Options Show World-Beating Shekel to Give Back: Israel Markets
The shekel’s best days may be over as the government and central bank step up efforts to weaken the world’s best-performing major currency last year.
There’s a 59 percent probability the shekel will give back half of the past year’s advance by the end of 2014, options data compiled by Bloomberg show. The shekel recorded its biggest monthly drop since August last month, with the Bank of Israel and the Finance Ministry buying about $1.5 billion in foreign currency, according to Rony Gitlin, head of spot trading at Bank Leumi Le-Israel Ltd., the country’s second-largest bank.
“The central bank, with some help from the Finance Ministry, is succeeding in halting shekel appreciation by more aggressively intervening in the market,” Leumi’s Gitlin said in a phone interview from Tel Aviv on Jan. 29. “Frequent interventions signal the determination by the bank to act to balance the exchange rate so it’s not hurting exports as much.”
Israel’s exporters expect to double job cuts this year as the currency’s strength eats into profits. The efforts to weaken the shekel coincide with a rout of emerging market currencies after Chinese manufacturing growth slowed, and amid social unrest in Ukraine and investor concerns about Turkish monetary policy.
There’s a 59 percent chance the currency will weaken 3.75 percent to 3.6551 shekels per dollar by the end of this year, implied volatility from options trading monitored by Bloomberg showed.

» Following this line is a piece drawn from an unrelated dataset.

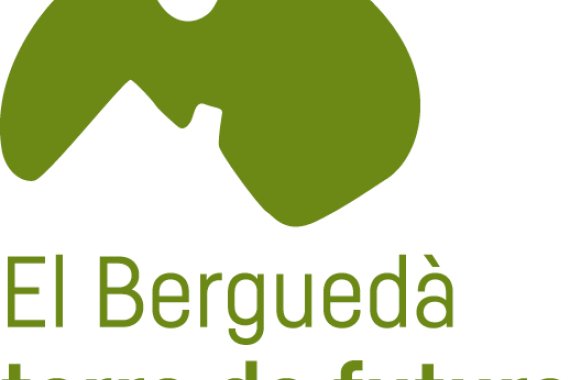 Oficina de Turisme del Berguedà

The shekel weakened 0.3 percent to 3.5275 a dollar at 4:16 p.m. in New York.
The shekel appreciated 7.5 percent in 2013, the biggest advance among 31 major currencies tracked by Bloomberg. Prime Minister Benjamin Netanyahu said Jan. 24 that while the government and the central bank were considering a “few things” they can do to tame the shekel, exporters must adjust to the stronger currency. The comments come as manufacturers urged the Bank of Israel to cut borrowing costs and increase foreign currency purchases.
Sales abroad of goods and services, which account for about a third of Israel’s $273 billion economy, declined 0.1 percent last year after rising 0.9 percent in 2012. The economy expanded 3.3 percent in 2013 compared with 3.4 percent the previous year.

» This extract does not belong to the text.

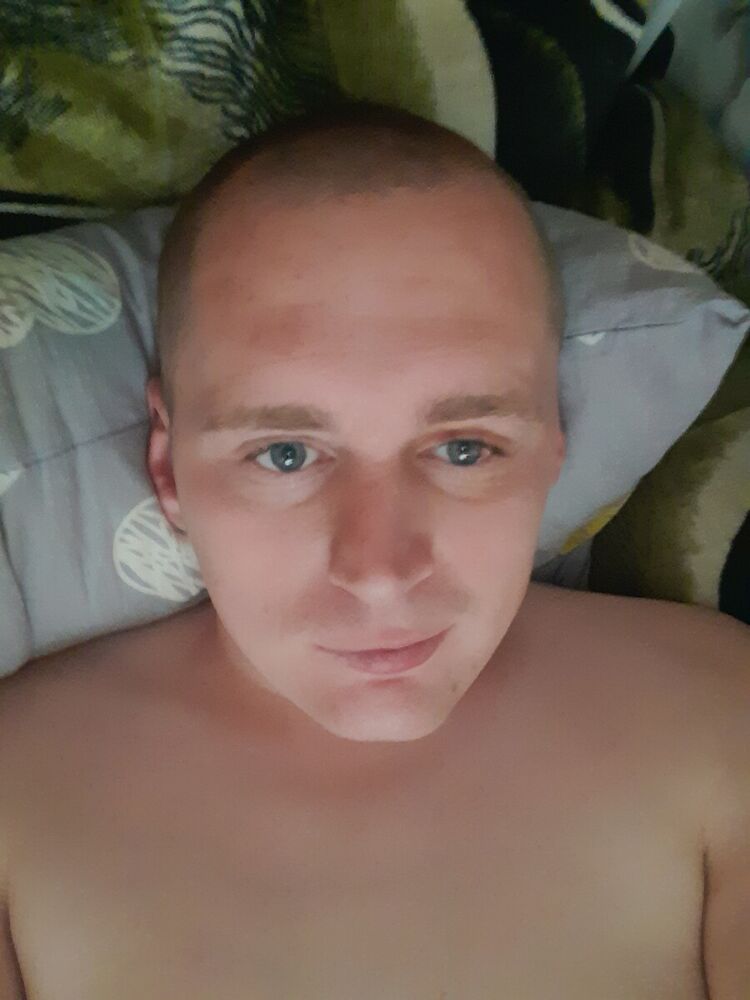  21439528  , 32 ,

Morgan Stanley said in a Jan. 24 note it has the most confidence in the currency as a haven within emerging markets because of Israel’s “resilient” economy and “strong” external balance sheet.

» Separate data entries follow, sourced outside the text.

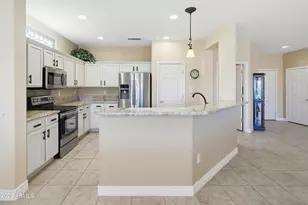 15932 W Summerwalk Dr, Surprise, AZ 85374 - Photo 15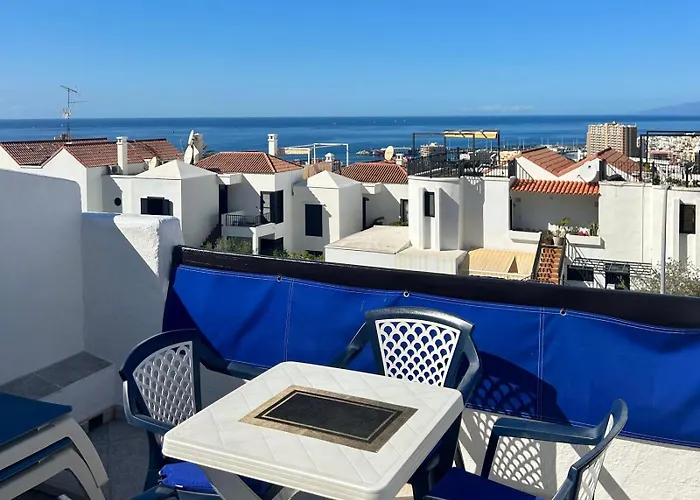 On Peaceful Complex With Sea View K003 Διαμέρισμα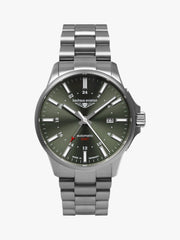 2868M-4 Bauhaus Aviation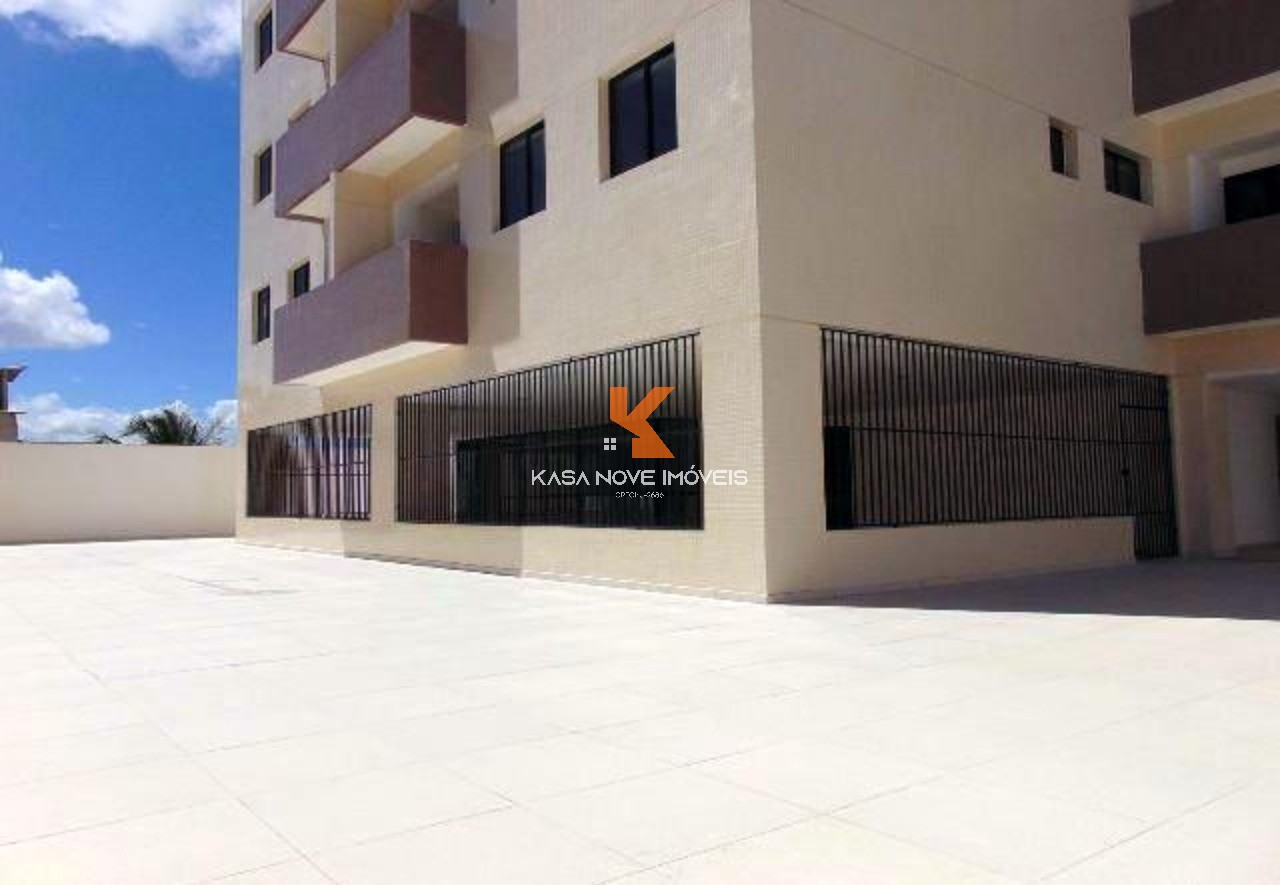 Apartamento, 2 quartos, 65 m² - Foto 5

A Bloomberg gauge tracking 20 emerging-market currencies last week fell to the lowest level since April 2009. The central banks of India, Turkey and South Africa have all raised interest rates to defend their tumbling currencies.
Since the Bank of Israel’s last interest-rate cut in September the shekel strengthened 0.5 percent against the dollar. While that was the least among 31 major currencies tracked by Bloomberg, some traders are betting rates may move lower in coming months. One-year interest rate swaps, an indicator for expected interest rates over the period, fell to a one-month low of 0.875 percent on Jan. 24. The central bank kept the benchmark rate at 1 percent for a fourth month last week.
“If the shekel appreciates in coming weeks, the Bank of Israel may need to cut its rate in one of its forthcoming decisions,” Ori Greenfeld, an economist at Tel Aviv-based Psagot Investment House Ltd., said by phone on Jan. 29. “The bank could also speed up foreign exchange purchases or introduce taxation to trim shekel appreciation.”
Israel’s central bank said it will buy $3.5 billion in foreign currency this year to offset the effect of new natural gas revenue on the shekel, a 67 percent increase from 2013.
Since Bank of Israel Governor Karnit Flug earlier this month said the central bank isn’t indifferent to developments in the exchange rate, the bank has been more engaged in foreign currency buying. Also, currency hedging by the Finance Ministry totaled $340 million in the first two weeks of the year compared with $100 million in November.
“The Bank of Israel will continue to use ad-hoc foreign exchange interventions to limit appreciation pressures,” Goldman Sachs Group Inc. strategists Kasper Lund-Jensen and Ahmet Akarli said in a note Jan. 27.